_Directions for this task_
Your job with the data below: print everything from the line that holds "casey_meow_ online show" down to the line that holds "MiaBlackrose's Webcam Show", ends included, exactly, and nothing else.

_Exercise inputs_
+--

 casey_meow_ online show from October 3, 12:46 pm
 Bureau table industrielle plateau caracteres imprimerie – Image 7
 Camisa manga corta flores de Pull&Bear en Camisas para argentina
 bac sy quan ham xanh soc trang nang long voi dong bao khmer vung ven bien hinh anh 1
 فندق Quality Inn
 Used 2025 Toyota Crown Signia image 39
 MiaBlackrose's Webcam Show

+--

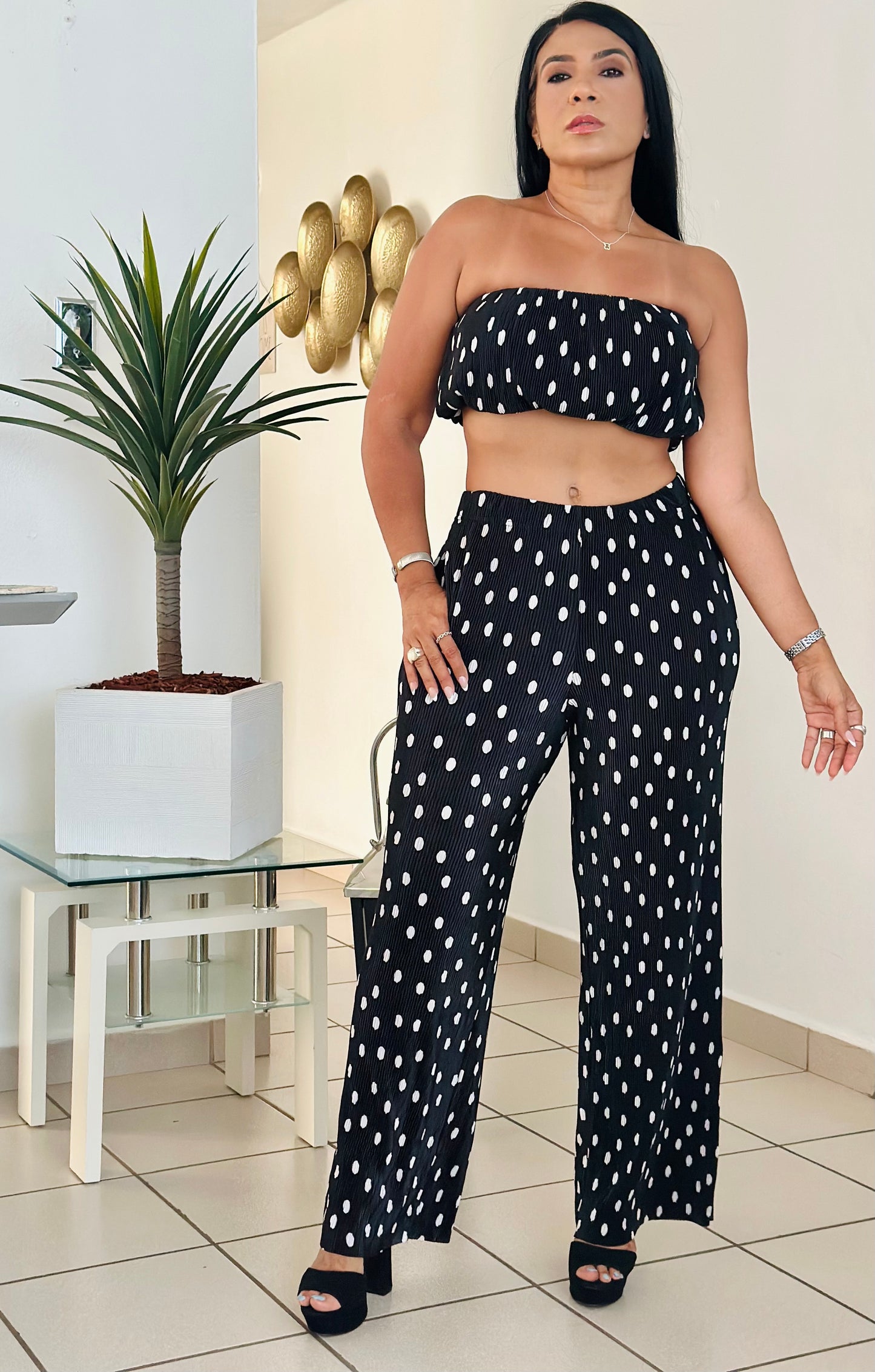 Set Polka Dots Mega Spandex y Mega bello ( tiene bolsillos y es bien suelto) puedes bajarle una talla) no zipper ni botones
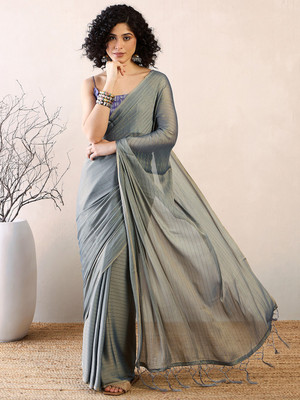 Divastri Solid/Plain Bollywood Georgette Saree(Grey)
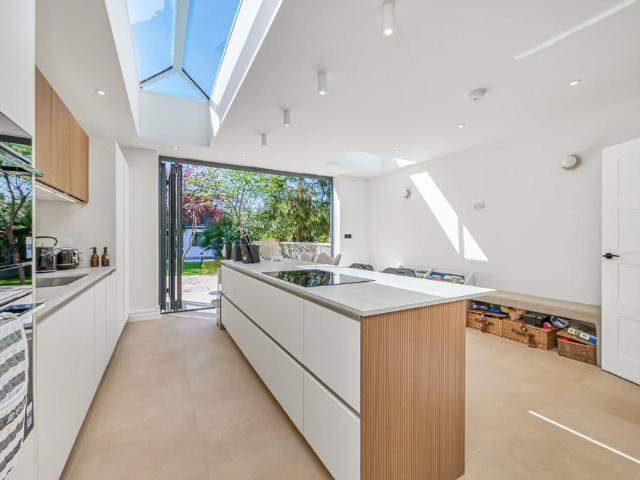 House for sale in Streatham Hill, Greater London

+--

_Written reply_
 casey_meow_ online show from October 3, 12:46 pm
 Bureau table industrielle plateau caracteres imprimerie – Image 7
 Camisa manga corta flores de Pull&Bear en Camisas para argentina
 bac sy quan ham xanh soc trang nang long voi dong bao khmer vung ven bien hinh anh 1
 فندق Quality Inn
 Used 2025 Toyota Crown Signia image 39
 MiaBlackrose's Webcam Show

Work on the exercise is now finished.